- **THE RECORDS**:
——————————

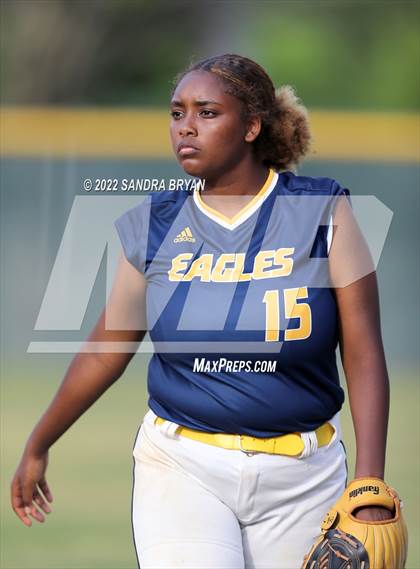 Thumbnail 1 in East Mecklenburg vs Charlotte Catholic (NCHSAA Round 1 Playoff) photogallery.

——————————

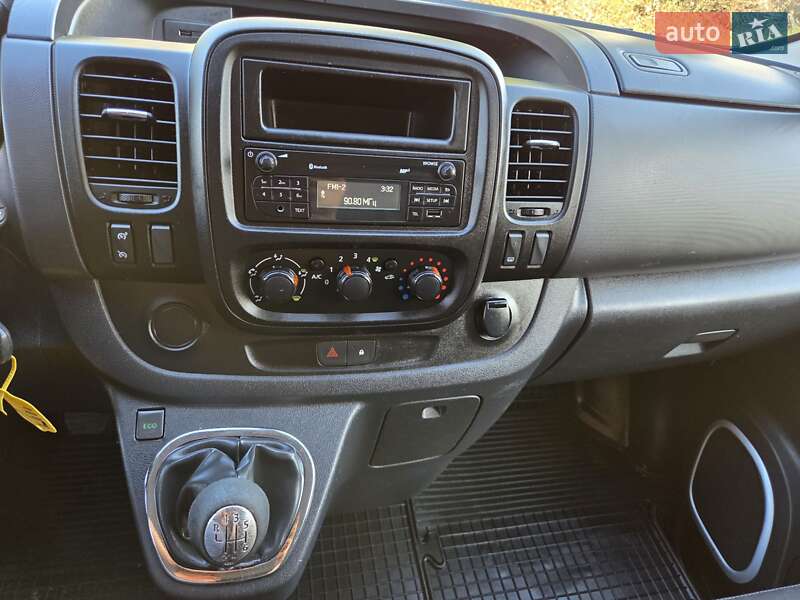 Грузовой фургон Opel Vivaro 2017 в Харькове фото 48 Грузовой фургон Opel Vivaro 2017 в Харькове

——————————

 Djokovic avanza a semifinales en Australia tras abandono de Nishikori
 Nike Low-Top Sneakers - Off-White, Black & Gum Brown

——————————

- **THE TASK**: Only the lines from the one containing "Djokovic avanza a" through the one containing "Nike Low-Top Sneakers" are to be retyped, both boundary lines included, with no other material.

- **WRITTEN SOLUTION**:
 Djokovic avanza a semifinales en Australia tras abandono de Nishikori
 Nike Low-Top Sneakers - Off-White, Black & Gum Brown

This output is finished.